The first case happened back on September 29, when the mutilated carcass of a cat was discovered in a front yard in the 4100 block of 17th Street N. The cat -- a neighbor's pet -- had been cleanly cut in half, police said.
"My neighbor said it looked like it was sawed in half - that's how clean a cut it was," Carole Hart told FOX 13 News, describing the neighborhood cat she called Oreo and fed on her front porch.
Then Thursday, in Shore Acres, a neighbor called John Karrer with another grisly discovery: Parts of Karrer's 19-year old cat named Princess, who he thinks was snatched and killed elsewhere.
"[They] killed her and then came back with some of her. Left me three parts - two legs and a head," Karrer said. "This was no random machete shots, somebody fileted her. I mean they took the parts clean."
St. Petersburg police spokesperson Yolanda Fernandez said the second case prompted an investigation.
"No, they're not the same neighborhoods but the two cases are similar in that somebody on purpose, specifically with some type of straight edge, mutilated these animals," Fernandez said.
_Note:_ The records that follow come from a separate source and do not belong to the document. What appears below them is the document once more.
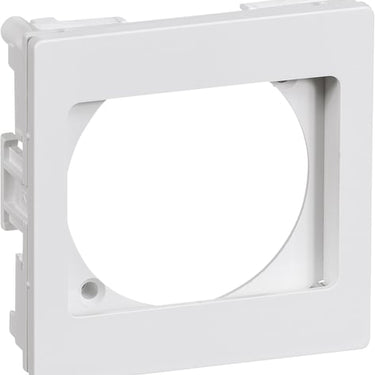 CLIC'LINE kanaldåse overgangsramme lav for 1,5 modul dåse til OPUS 66 indsats hvid - 1
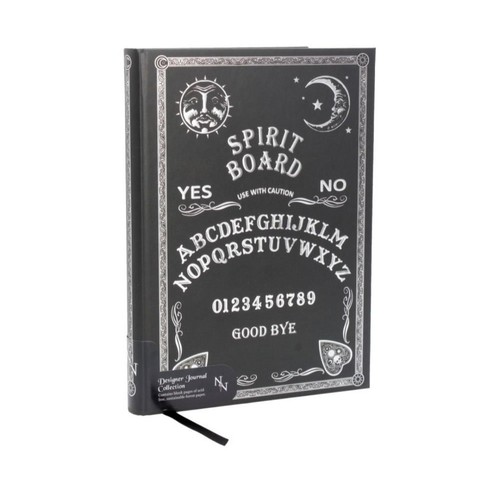 Embossed journal black and - embossed,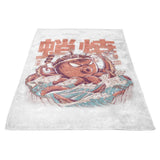 Takoyaki Attack - Fleece Blanket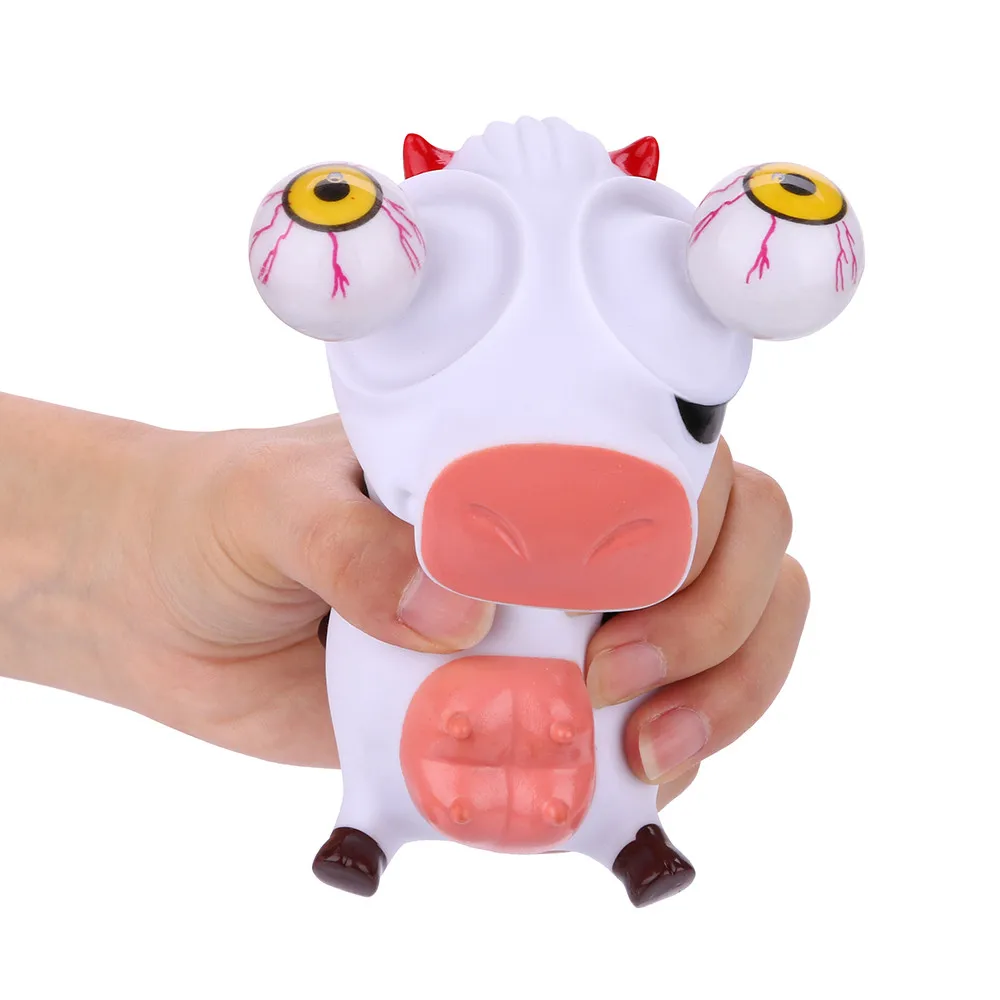 

Lovely Cows Stress Relief Toy Solution for PopOut Stress Reliever Anxiety Fidget Adult Antistress Relieve Stress Toys
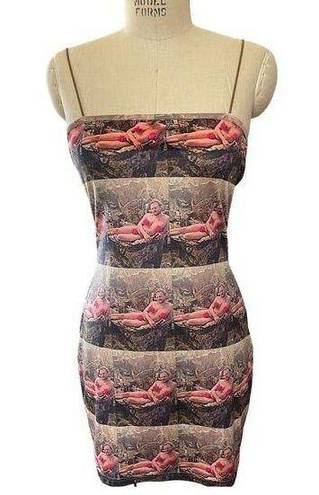 Krass&co Fashion Brand  Velvet Sexy Max Mini Dress Size Small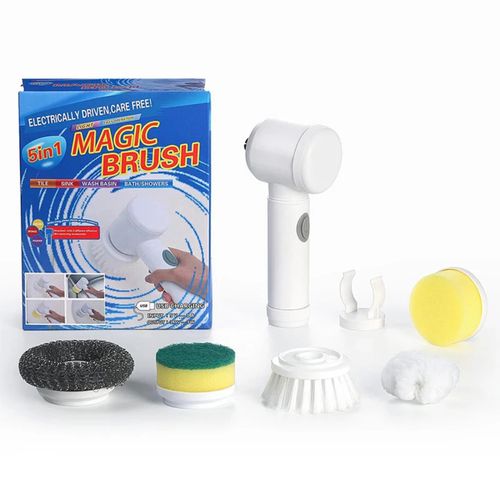 La brosse électrique qui simplifie toutes vos tâches ménagères.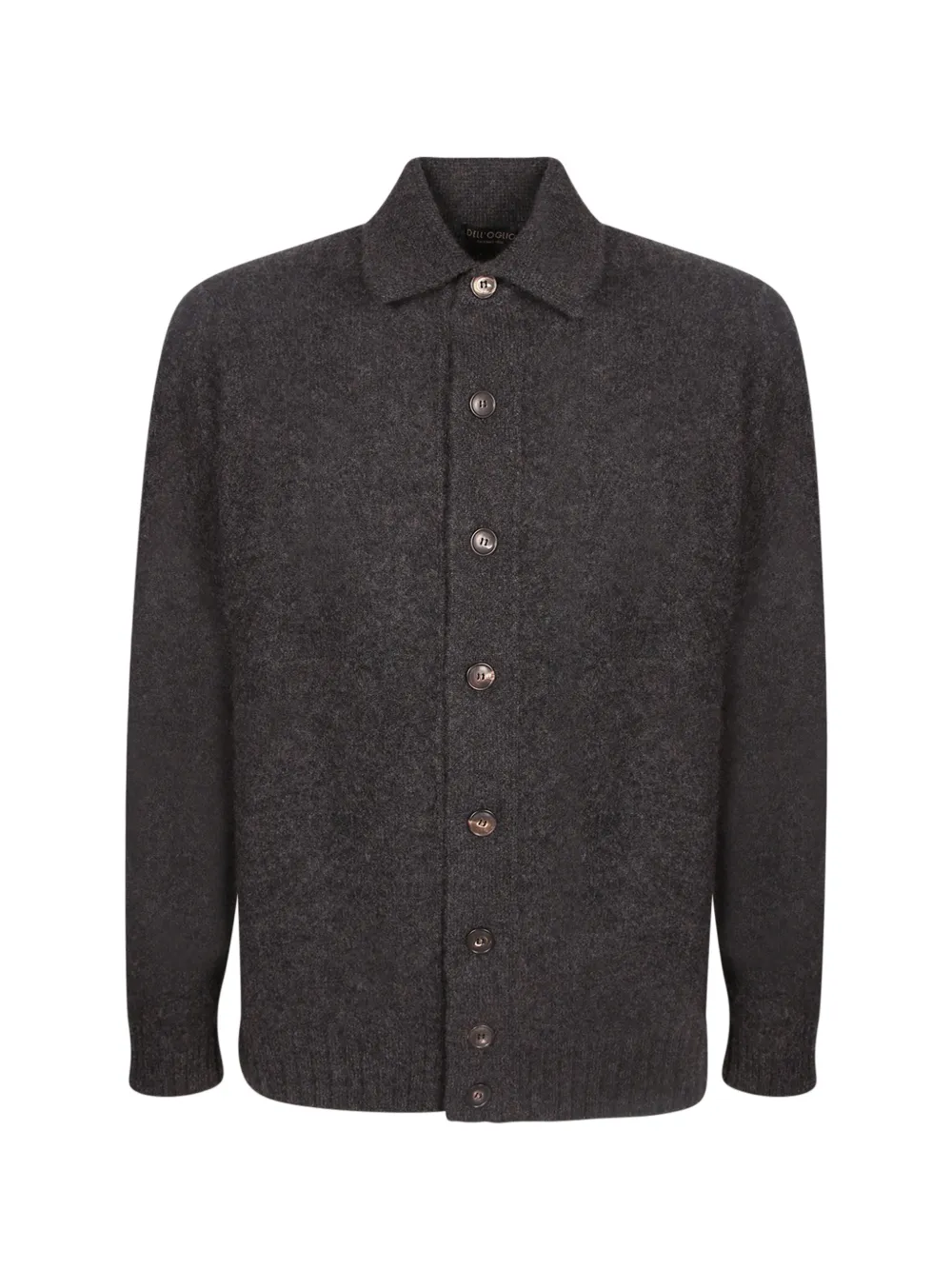 Dell'oglio button-down long-sleeve cardigan Grijs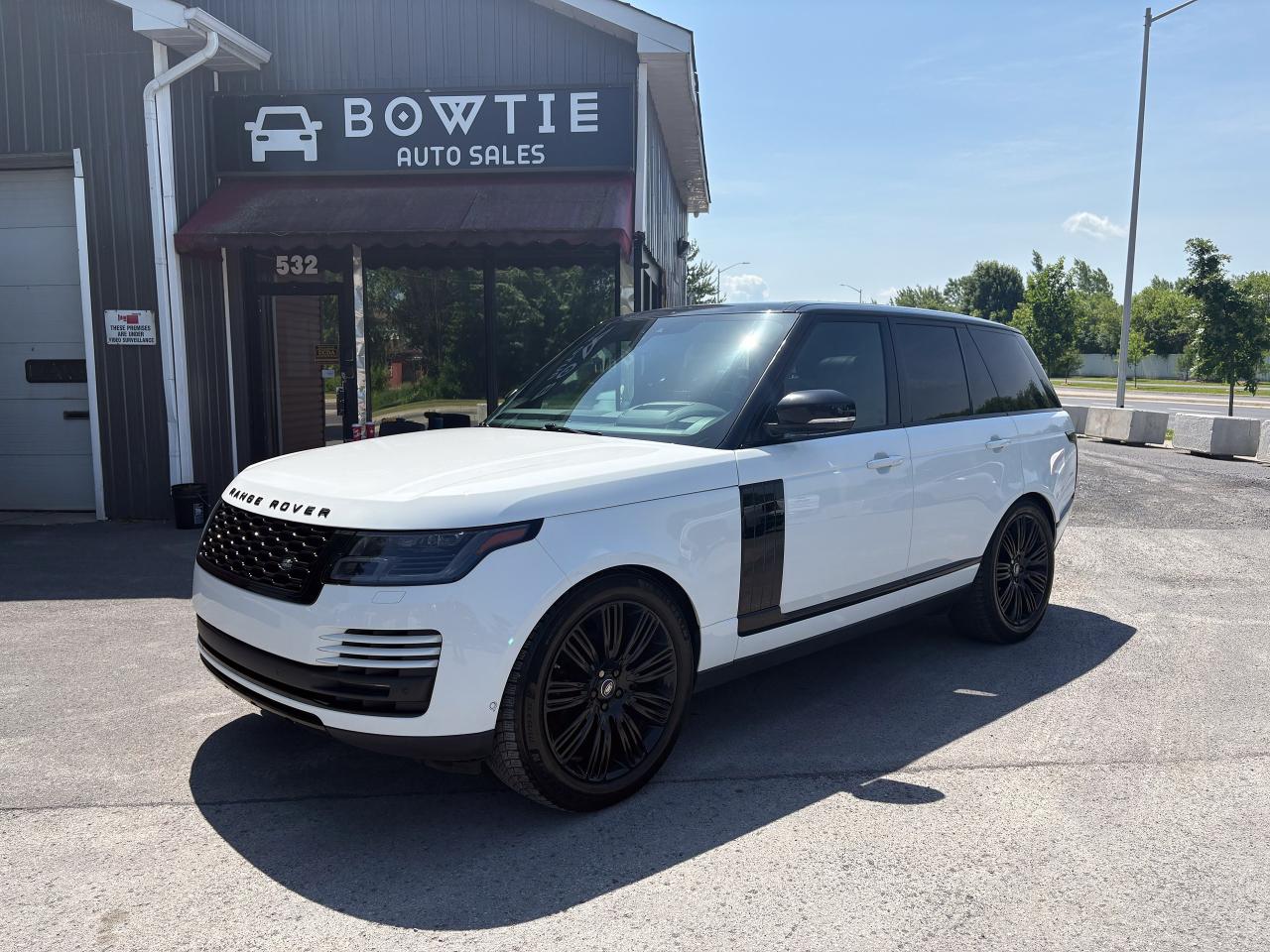 Used 2020 Land Rover Range Rover HSE for sale in Cornwall, ON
The police are asking for information from the public, and advising pet owners to keep animals inside at night. Karrer agrees.
"At this point if you live in this neighborhood, probably good to keep your pets inside no matter how much they disapprove," he told FOX 13 News.
Hart said Oreo was one of 10 to 20 neighborhood cats, all of which disappeared at about the same time Oreo was killed.
"There's somebody very sick around here. Oh my God. Scares me," she said.
Karrer shares her opinion of the unidentified offender. "This is not garden variety sick little boys, this is psychopathic," he said. "You're talking about somebody that's sick, seriously sick and he's out there and he's plotting the next one."
Anyone with information on these cases is asked to call the department's non-emergency number, 727-893-7780.